The confusion around this whole debacle is astonishing, not only are the comments by Cameron strange, but the letter by his learned critics is equally strange.  I don’t care much for politicians who use religion in general and Christianity in particular to make their claims.  I don’t know if Cameron is a Christian in the Bible sense of the word, or just sympathetic to a large group of people in the UK who can and do fulfil his idea of a Big Society.  For one thing, if he thinks the idea of the poor and needy being helped by others is his idea, he’s clearly never read his Bible.

That aside, what I would like to point out not only what was correct in the letter, but also the wild assumptions and blatant untruths contained within it to the The Telegraph, signed as it was, by a right regal host of famous and learned men and women.  Here’s the letter:

“SIR – We respect the Prime Minister’s right to his religious beliefs and the fact that they necessarily affect his own life as a politician. However, we object to his characterisation of Britain as a “Christian country” and the negative consequences for politics and society that this engenders.

Apart from in the narrow constitutional sense that we continue to have an established Church, Britain is not a “Christian country”. Repeated surveys, polls and studies show that most of us as individuals are not Christian in our beliefs or our religious identities.

At a social level, Britain has been shaped for the better by many pre-Christian, non-Christian, and post-Christian forces. We are a plural society with citizens with a range of perspectives, and we are a largely non-religious society.

Constantly to claim otherwise fosters alienation and division in our society. Although it is right to recognise the contribution made by many Christians to social action, it is wrong to try to exceptionalise their contribution when it is equalled by British people of different beliefs. This needlessly fuels enervating sectarian debates that are by and large absent from the lives of most British people, who do not want religions or religious identities to be actively prioritised by their elected government.”

As a Christian myself, I find some of what they say correct, for example, Britain is not a Christian country.  The Bible knows nothing of ‘Christian country’, only individual Christian men and women, and most thoughtful Christians would say the same.

It is also true that most people in the UK are not Christian in belief or identity.  The plurality of multi-culturalism has shown us this, even if large portions of other cultures are Christian, others are not.

It is also fair to point out that social action by Christians  should not be exceptionalised over and above those of other and no belief (though I would be very interested to know, from the signataries, who among them engages in genuine social action).

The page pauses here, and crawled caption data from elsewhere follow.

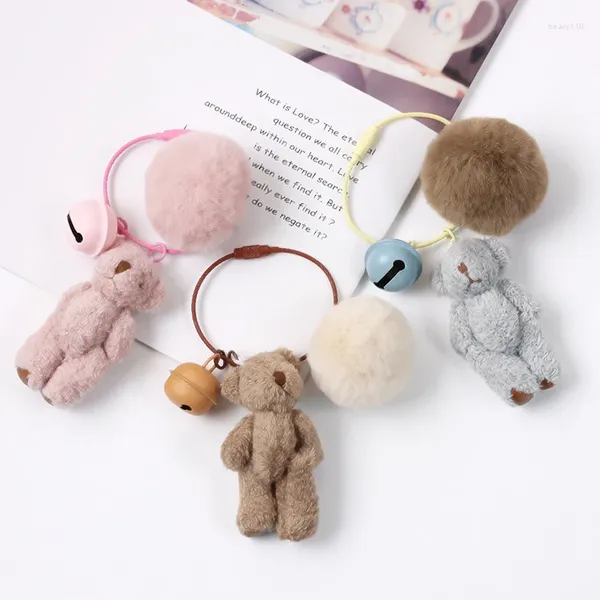 Keychains 2023 niedliche gefüllte Puppenbär DIY Pompom Pelry Ball Schlüsselkette Keyring Halterbeutel Anhänger Schlüsselbund Zubehör D702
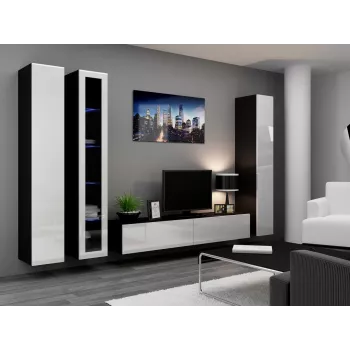 Cama uždara Spintelė VIGO '180' 180/40/30 baltas/juodas blizgus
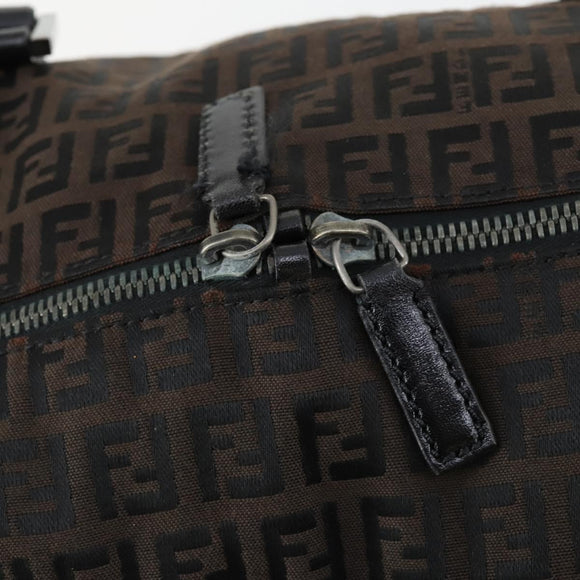 FENDI Zucchino Canvas Boston Bag Brown Black Auth bs32402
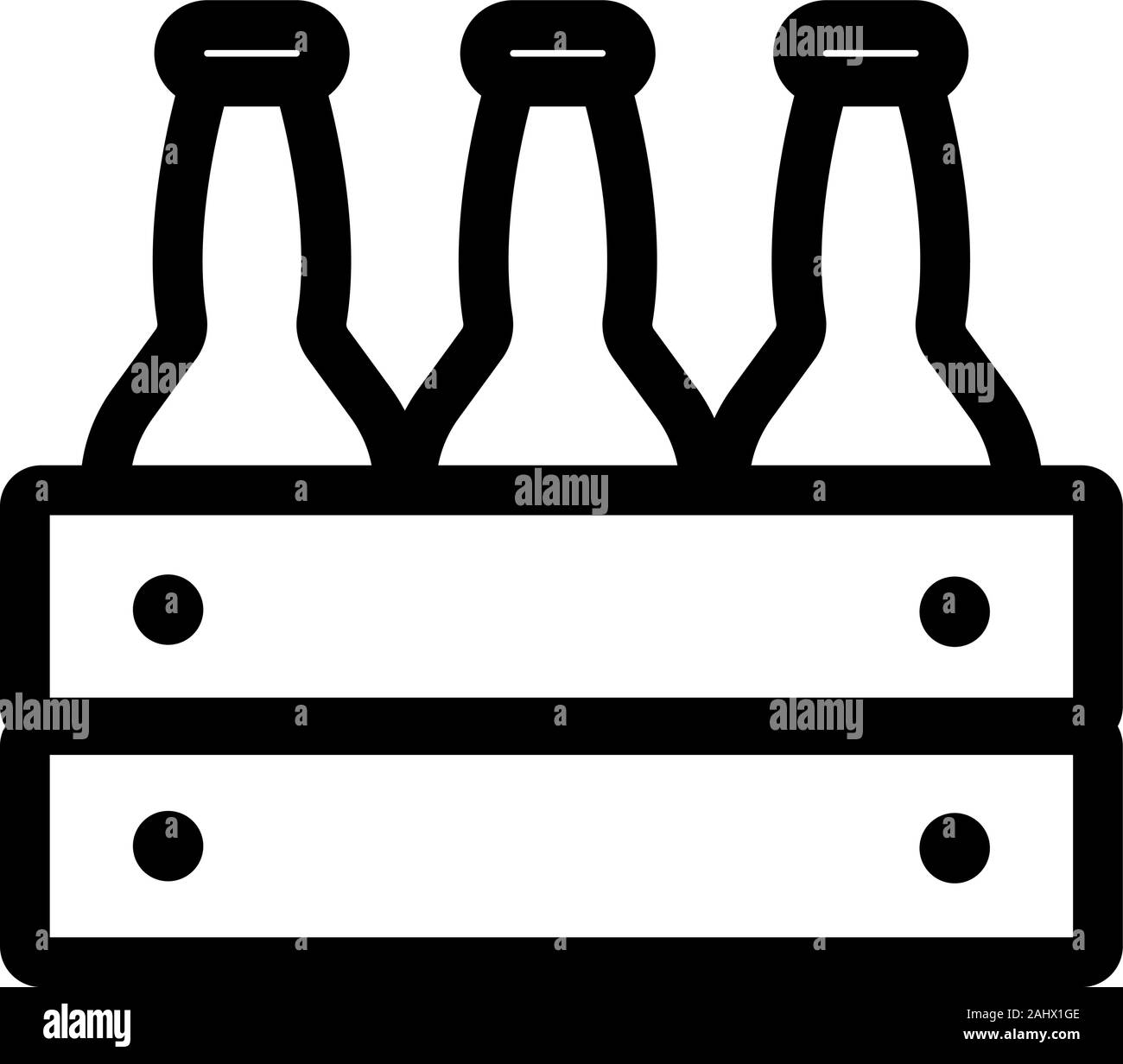 a box of beer icon vector. Isolated contour symbol illustration Stock ...
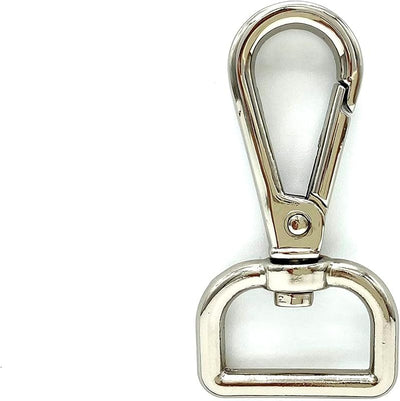 Pear Push-Gate Swivel Snap Hook, D-Ring Eye (3/4") - Nickel
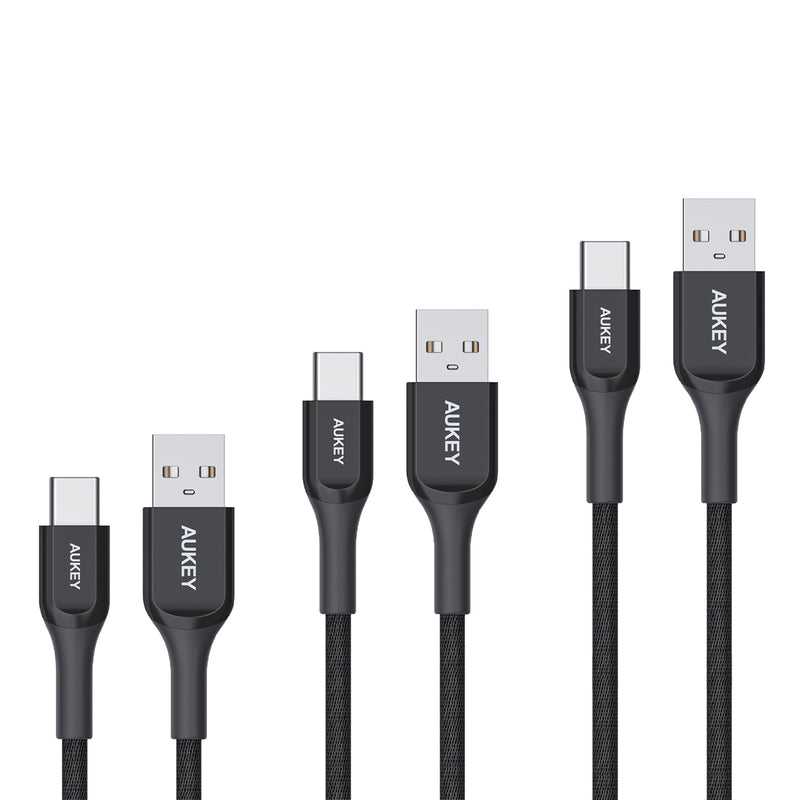 3PC Of AUKEY USB-A to USB-C Charging and Data Cable Bundle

The scare-mongering assumption was the claim that if Britain is characterised as a Christian country, it will have “negative consequences for politics and society…”  This assumption, based on something untrue (a Christian country) is poorly disguised anti-Christian secularism masquerading as cultural astuteness.

Another off-the-cuff comment designed to look like cultural awareness was that Britain “has been shaped for the better by many pre-Christian, non-Christian and post-Christian forces.”  Here, I would have loved some thoroughly convincing examples, of the kind that genuinely show how this is true.  I’m sure it is in some cases, but it sounds like the claim is over-reaching itself.

It is also a mistake to assume that a plural society equals a largely non-religious society.  This is also untrue.  Most (I think all, if the Christian view of people is correct that all are made in the image of God), people are religious, to some extent, even in atheism and secularism.  What I think they mean, is that most people do not hold to the classic Judeo-Christian view of a Christendom culture – that’s different, but certainly most (all) people are religious.

Finally, the “negative consequences” of the first paragraph is now slightly explained in the last one, that all this will “foster alienation and division in our society.”  Will it?  Really?  Among who?  Why?  A tolerant society is surely a tolerant society.  A tolerant society with rhetoric like this is in fact proving its own bias and intolerance of Christianity.  Tolerance doesn’t mean the negation and silencing of Christians, it means allowing for their flourishing, not sowing the seed that this “needlessly fuels enervating sectarian debates.”  It doesn’t, letters like this, mingled as it is with truth, assumumption, mis-information, untruths and wild assertions of various social outcomes fuels secarianism.

Don’t make the mistake of assuming that when Cameron speaks he speaks for Christians.

Neither make the mistake that when letters like this are written, they speak for the people.